_What is expected_: Below, find the line containing "Nautical Wheel Graphic Black T-Shirt" and the line containing "Korean Style Velvet"; reproduce exactly those two and every line between them, omitting pictures.

_Information provided_:
--------------------

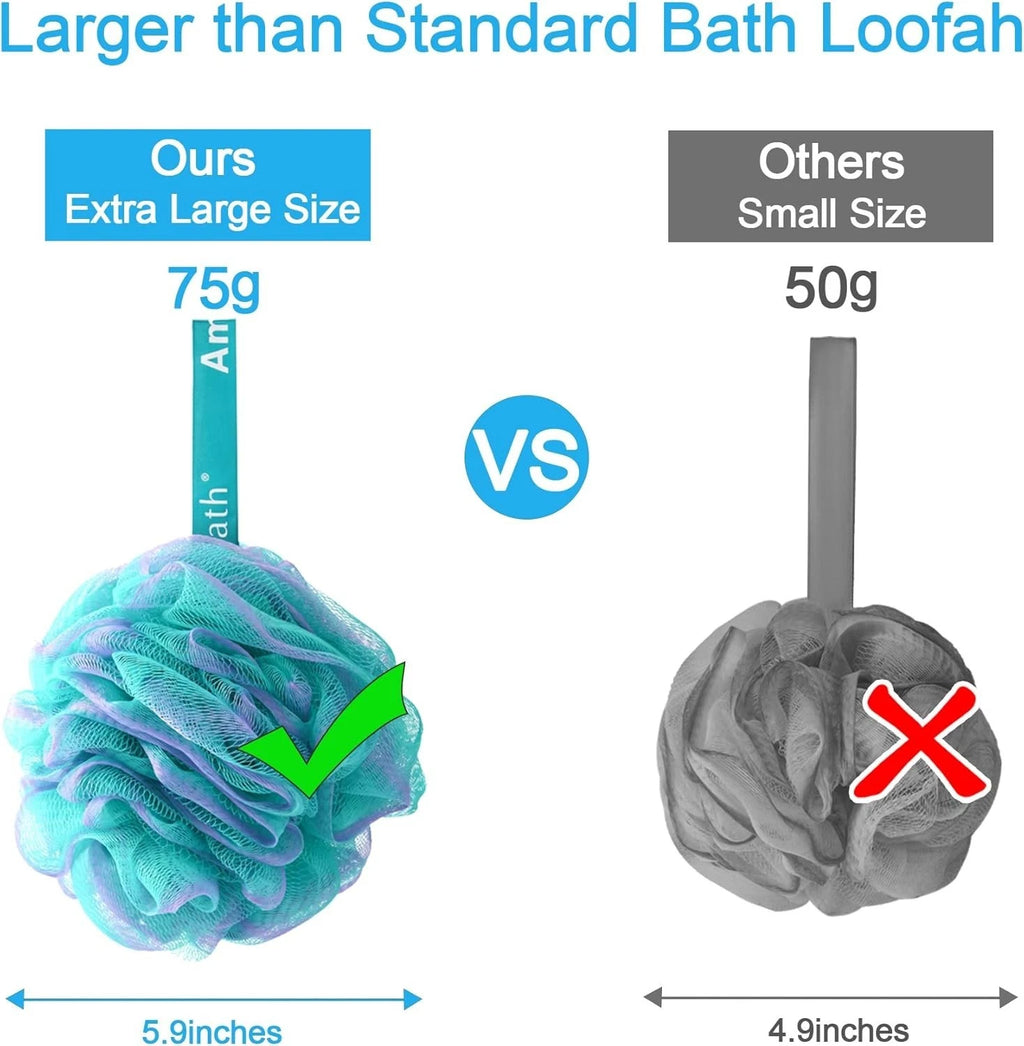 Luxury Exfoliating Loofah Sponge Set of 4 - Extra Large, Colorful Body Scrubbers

--------------------

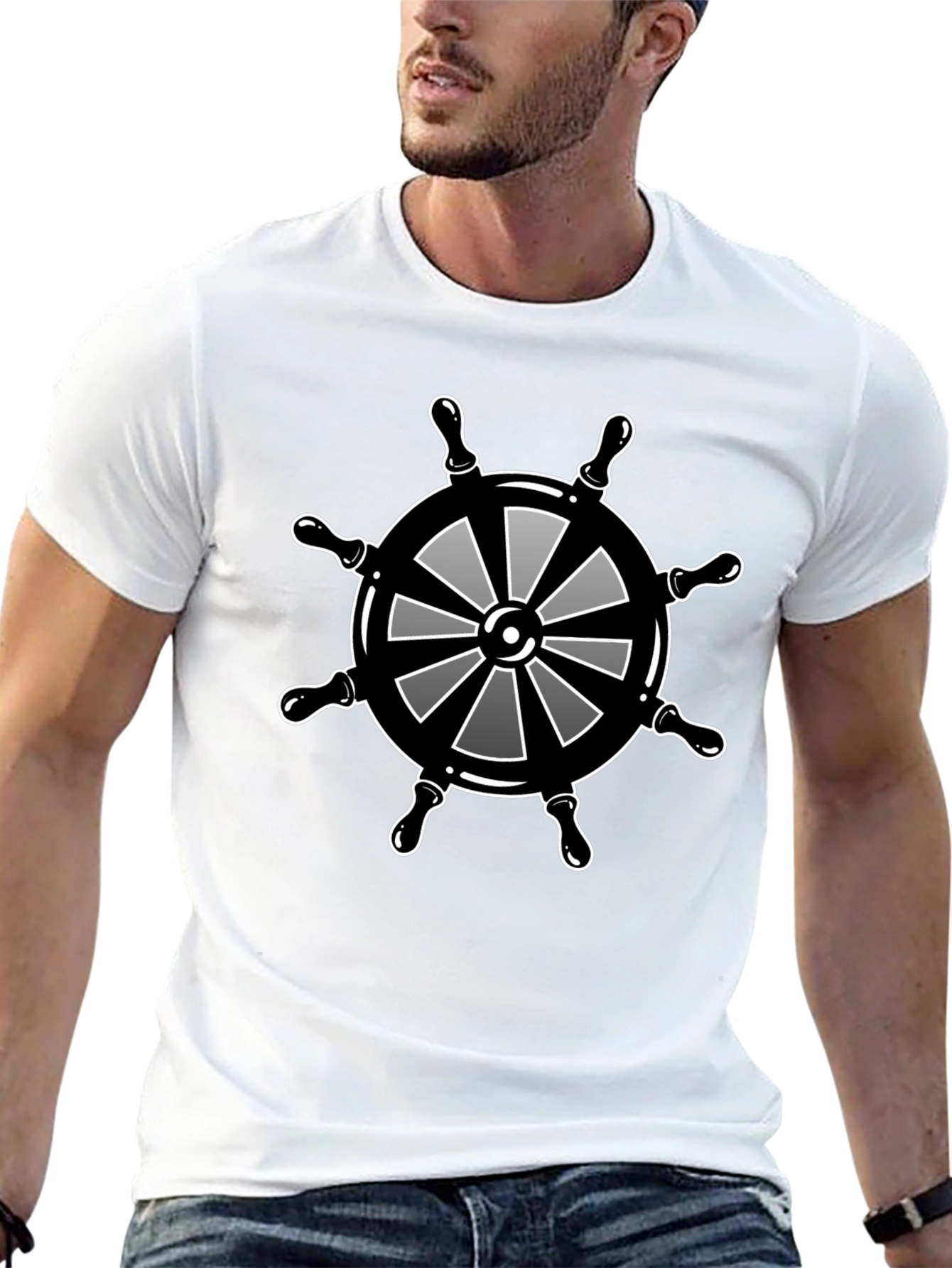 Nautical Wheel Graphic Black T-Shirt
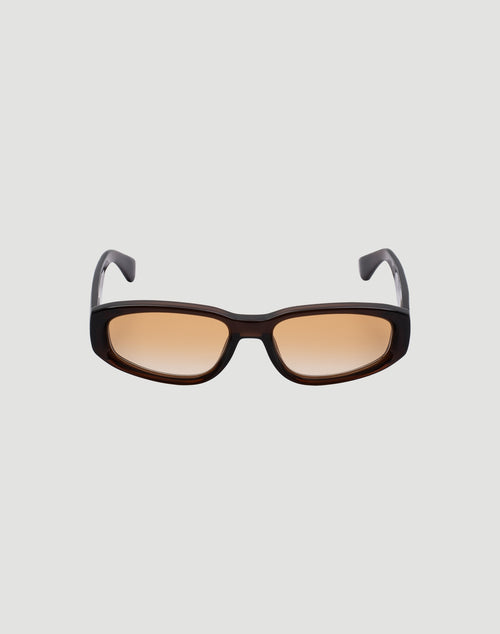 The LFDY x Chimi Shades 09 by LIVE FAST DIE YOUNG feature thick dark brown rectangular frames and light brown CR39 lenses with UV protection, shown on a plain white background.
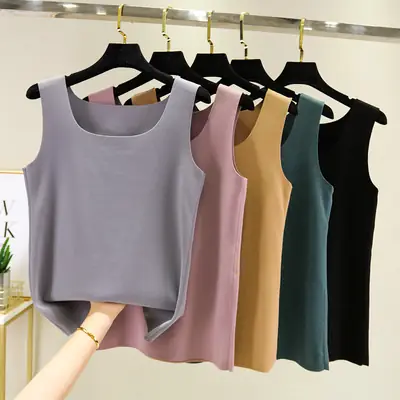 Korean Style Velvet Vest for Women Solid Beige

--------------------

_Written answer_:
 Nautical Wheel Graphic Black T-Shirt
 The LFDY x Chimi Shades 09 by LIVE FAST DIE YOUNG feature thick dark brown rectangular frames and light brown CR39 lenses with UV protection, shown on a plain white background.
 Korean Style Velvet Vest for Women Solid Beige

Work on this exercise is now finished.